## EXERCISE DIRECTIONS
All lines from the one that has "Toile Chat et" onward to the end of the records below are to be returned exactly; pictures are to be skipped.
··· RECORDS SUPPLIED ···
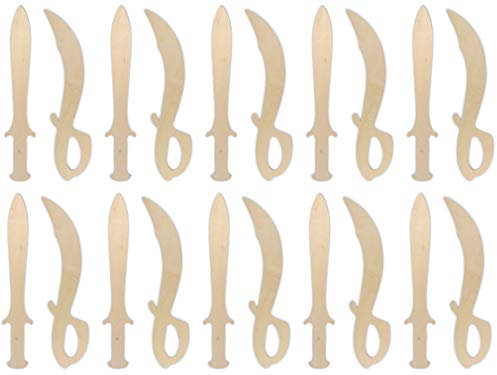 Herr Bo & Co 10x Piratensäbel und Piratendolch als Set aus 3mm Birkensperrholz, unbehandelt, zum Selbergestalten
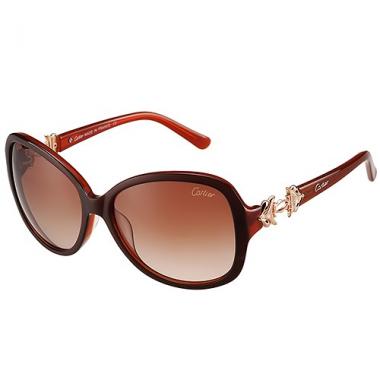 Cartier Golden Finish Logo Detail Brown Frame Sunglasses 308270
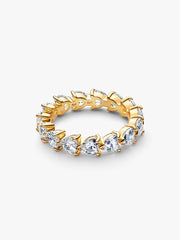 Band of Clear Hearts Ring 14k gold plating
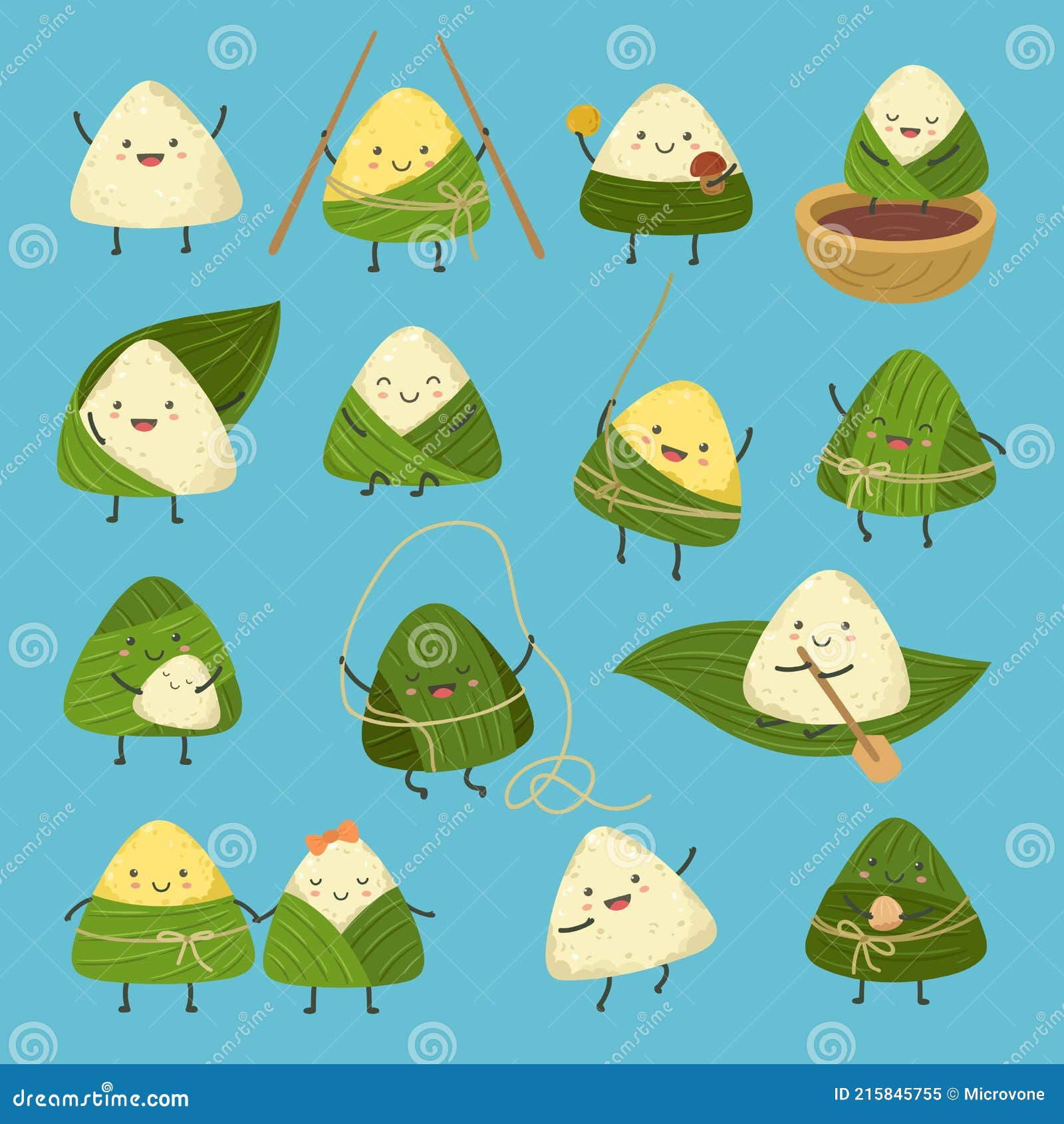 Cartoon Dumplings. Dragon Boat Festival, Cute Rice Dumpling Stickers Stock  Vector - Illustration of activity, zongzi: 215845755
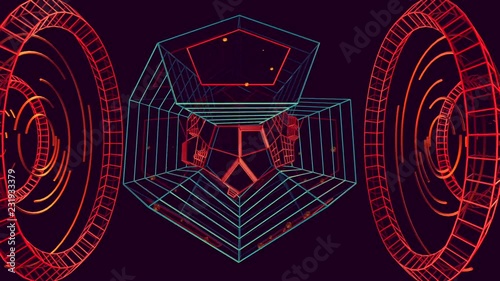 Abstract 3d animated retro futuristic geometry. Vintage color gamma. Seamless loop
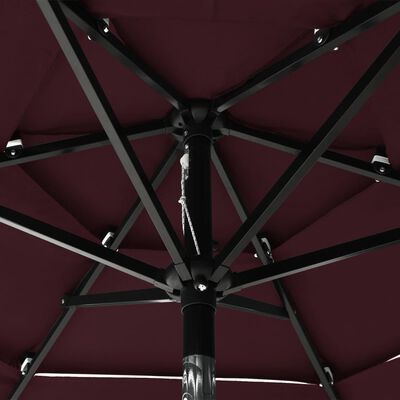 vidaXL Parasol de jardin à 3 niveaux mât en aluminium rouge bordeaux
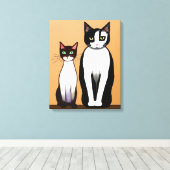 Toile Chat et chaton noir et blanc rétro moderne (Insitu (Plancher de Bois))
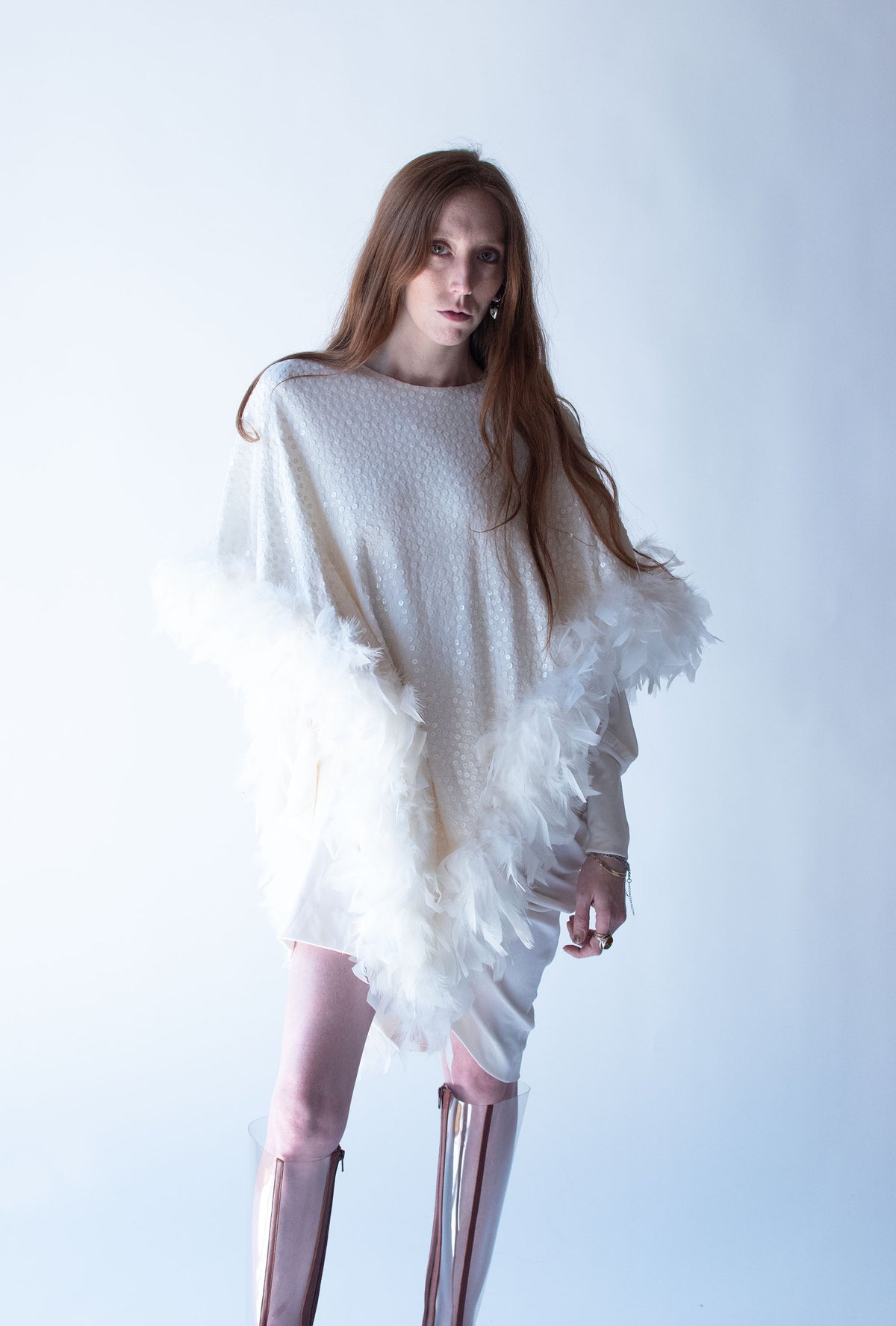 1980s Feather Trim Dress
···
## SOLUTION TO THE PROBLEM
 Toile Chat et chaton noir et blanc rétro moderne (Insitu (Plancher de Bois))
 1980s Feather Trim Dress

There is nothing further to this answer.